▸ What to produce:
Restate, word for word, every line of the data.

Saved data entries:
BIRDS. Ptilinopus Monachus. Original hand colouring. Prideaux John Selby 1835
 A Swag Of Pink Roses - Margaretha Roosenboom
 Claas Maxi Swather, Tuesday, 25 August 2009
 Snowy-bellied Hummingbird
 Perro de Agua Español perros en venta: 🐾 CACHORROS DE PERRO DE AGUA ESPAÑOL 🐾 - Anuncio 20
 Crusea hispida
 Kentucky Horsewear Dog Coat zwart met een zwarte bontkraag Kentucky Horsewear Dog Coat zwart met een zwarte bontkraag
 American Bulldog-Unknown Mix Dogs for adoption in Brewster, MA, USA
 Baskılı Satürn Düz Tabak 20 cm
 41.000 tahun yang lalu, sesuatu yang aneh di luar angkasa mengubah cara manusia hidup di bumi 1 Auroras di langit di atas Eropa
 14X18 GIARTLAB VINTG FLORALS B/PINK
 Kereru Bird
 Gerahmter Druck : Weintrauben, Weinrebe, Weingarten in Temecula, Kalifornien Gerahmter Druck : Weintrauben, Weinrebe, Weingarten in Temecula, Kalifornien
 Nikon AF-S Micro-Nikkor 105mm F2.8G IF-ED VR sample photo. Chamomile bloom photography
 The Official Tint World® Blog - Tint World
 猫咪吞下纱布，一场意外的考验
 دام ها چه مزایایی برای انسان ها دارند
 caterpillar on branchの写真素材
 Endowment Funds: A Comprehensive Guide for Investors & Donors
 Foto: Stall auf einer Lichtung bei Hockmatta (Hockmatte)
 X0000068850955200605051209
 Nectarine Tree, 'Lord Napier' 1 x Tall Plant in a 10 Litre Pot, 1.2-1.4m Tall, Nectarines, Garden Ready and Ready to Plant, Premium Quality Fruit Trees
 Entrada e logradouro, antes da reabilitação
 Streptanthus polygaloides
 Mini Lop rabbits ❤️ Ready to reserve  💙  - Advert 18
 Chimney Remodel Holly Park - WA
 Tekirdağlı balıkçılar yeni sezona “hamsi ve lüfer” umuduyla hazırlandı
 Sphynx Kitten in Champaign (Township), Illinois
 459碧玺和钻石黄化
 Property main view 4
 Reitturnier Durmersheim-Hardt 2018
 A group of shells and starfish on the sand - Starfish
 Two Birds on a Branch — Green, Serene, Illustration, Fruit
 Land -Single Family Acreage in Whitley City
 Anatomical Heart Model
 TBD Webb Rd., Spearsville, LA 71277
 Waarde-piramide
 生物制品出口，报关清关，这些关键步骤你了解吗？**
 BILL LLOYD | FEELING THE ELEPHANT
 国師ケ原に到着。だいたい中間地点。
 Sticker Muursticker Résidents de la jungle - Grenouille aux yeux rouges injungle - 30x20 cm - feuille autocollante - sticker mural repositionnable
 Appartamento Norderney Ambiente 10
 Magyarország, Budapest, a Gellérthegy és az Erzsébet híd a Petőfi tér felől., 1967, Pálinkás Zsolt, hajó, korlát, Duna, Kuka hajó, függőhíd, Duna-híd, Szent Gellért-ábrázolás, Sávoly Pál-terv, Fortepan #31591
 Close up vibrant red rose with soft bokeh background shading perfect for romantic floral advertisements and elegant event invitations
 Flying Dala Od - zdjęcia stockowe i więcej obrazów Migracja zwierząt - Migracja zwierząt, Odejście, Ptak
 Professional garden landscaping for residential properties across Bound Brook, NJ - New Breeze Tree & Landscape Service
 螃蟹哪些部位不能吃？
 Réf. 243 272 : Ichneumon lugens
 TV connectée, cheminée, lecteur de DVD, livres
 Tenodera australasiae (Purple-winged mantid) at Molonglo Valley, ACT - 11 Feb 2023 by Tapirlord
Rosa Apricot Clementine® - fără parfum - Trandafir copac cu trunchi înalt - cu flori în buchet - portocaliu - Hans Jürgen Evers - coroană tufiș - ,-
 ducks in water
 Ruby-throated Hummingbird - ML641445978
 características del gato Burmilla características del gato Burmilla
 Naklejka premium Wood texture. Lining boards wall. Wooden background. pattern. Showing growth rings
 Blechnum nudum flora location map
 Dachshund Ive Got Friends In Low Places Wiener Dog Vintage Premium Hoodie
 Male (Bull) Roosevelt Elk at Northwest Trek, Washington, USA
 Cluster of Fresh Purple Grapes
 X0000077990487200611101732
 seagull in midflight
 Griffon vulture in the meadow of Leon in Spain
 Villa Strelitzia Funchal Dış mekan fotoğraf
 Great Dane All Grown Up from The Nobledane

▸ Answer section:
BIRDS. Ptilinopus Monachus. Original hand colouring. Prideaux John Selby 1835
 A Swag Of Pink Roses - Margaretha Roosenboom
 Claas Maxi Swather, Tuesday, 25 August 2009
 Snowy-bellied Hummingbird
 Perro de Agua Español perros en venta: 🐾 CACHORROS DE PERRO DE AGUA ESPAÑOL 🐾 - Anuncio 20
 Crusea hispida
 Kentucky Horsewear Dog Coat zwart met een zwarte bontkraag Kentucky Horsewear Dog Coat zwart met een zwarte bontkraag
 American Bulldog-Unknown Mix Dogs for adoption in Brewster, MA, USA
 Baskılı Satürn Düz Tabak 20 cm
 41.000 tahun yang lalu, sesuatu yang aneh di luar angkasa mengubah cara manusia hidup di bumi 1 Auroras di langit di atas Eropa
 14X18 GIARTLAB VINTG FLORALS B/PINK
 Kereru Bird
 Gerahmter Druck : Weintrauben, Weinrebe, Weingarten in Temecula, Kalifornien Gerahmter Druck : Weintrauben, Weinrebe, Weingarten in Temecula, Kalifornien
 Nikon AF-S Micro-Nikkor 105mm F2.8G IF-ED VR sample photo. Chamomile bloom photography
 The Official Tint World® Blog - Tint World
 猫咪吞下纱布，一场意外的考验
 دام ها چه مزایایی برای انسان ها دارند
 caterpillar on branchの写真素材
 Endowment Funds: A Comprehensive Guide for Investors & Donors
 Foto: Stall auf einer Lichtung bei Hockmatta (Hockmatte)
 X0000068850955200605051209
 Nectarine Tree, 'Lord Napier' 1 x Tall Plant in a 10 Litre Pot, 1.2-1.4m Tall, Nectarines, Garden Ready and Ready to Plant, Premium Quality Fruit Trees
 Entrada e logradouro, antes da reabilitação
 Streptanthus polygaloides
 Mini Lop rabbits ❤️ Ready to reserve  💙  - Advert 18
 Chimney Remodel Holly Park - WA
 Tekirdağlı balıkçılar yeni sezona “hamsi ve lüfer” umuduyla hazırlandı
 Sphynx Kitten in Champaign (Township), Illinois
 459碧玺和钻石黄化
 Property main view 4
 Reitturnier Durmersheim-Hardt 2018
 A group of shells and starfish on the sand - Starfish
 Two Birds on a Branch — Green, Serene, Illustration, Fruit
 Land -Single Family Acreage in Whitley City
 Anatomical Heart Model
 TBD Webb Rd., Spearsville, LA 71277
 Waarde-piramide
 生物制品出口，报关清关，这些关键步骤你了解吗？**
 BILL LLOYD | FEELING THE ELEPHANT
 国師ケ原に到着。だいたい中間地点。
 Sticker Muursticker Résidents de la jungle - Grenouille aux yeux rouges injungle - 30x20 cm - feuille autocollante - sticker mural repositionnable
 Appartamento Norderney Ambiente 10
 Magyarország, Budapest, a Gellérthegy és az Erzsébet híd a Petőfi tér felől., 1967, Pálinkás Zsolt, hajó, korlát, Duna, Kuka hajó, függőhíd, Duna-híd, Szent Gellért-ábrázolás, Sávoly Pál-terv, Fortepan #31591
 Close up vibrant red rose with soft bokeh background shading perfect for romantic floral advertisements and elegant event invitations
 Flying Dala Od - zdjęcia stockowe i więcej obrazów Migracja zwierząt - Migracja zwierząt, Odejście, Ptak
 Professional garden landscaping for residential properties across Bound Brook, NJ - New Breeze Tree & Landscape Service
 螃蟹哪些部位不能吃？
 Réf. 243 272 : Ichneumon lugens
 TV connectée, cheminée, lecteur de DVD, livres
 Tenodera australasiae (Purple-winged mantid) at Molonglo Valley, ACT - 11 Feb 2023 by Tapirlord
Rosa Apricot Clementine® - fără parfum - Trandafir copac cu trunchi înalt - cu flori în buchet - portocaliu - Hans Jürgen Evers - coroană tufiș - ,-
 ducks in water
 Ruby-throated Hummingbird - ML641445978
 características del gato Burmilla características del gato Burmilla
 Naklejka premium Wood texture. Lining boards wall. Wooden background. pattern. Showing growth rings
 Blechnum nudum flora location map
 Dachshund Ive Got Friends In Low Places Wiener Dog Vintage Premium Hoodie
 Male (Bull) Roosevelt Elk at Northwest Trek, Washington, USA
 Cluster of Fresh Purple Grapes
 X0000077990487200611101732
 seagull in midflight
 Griffon vulture in the meadow of Leon in Spain
 Villa Strelitzia Funchal Dış mekan fotoğraf
 Great Dane All Grown Up from The Nobledane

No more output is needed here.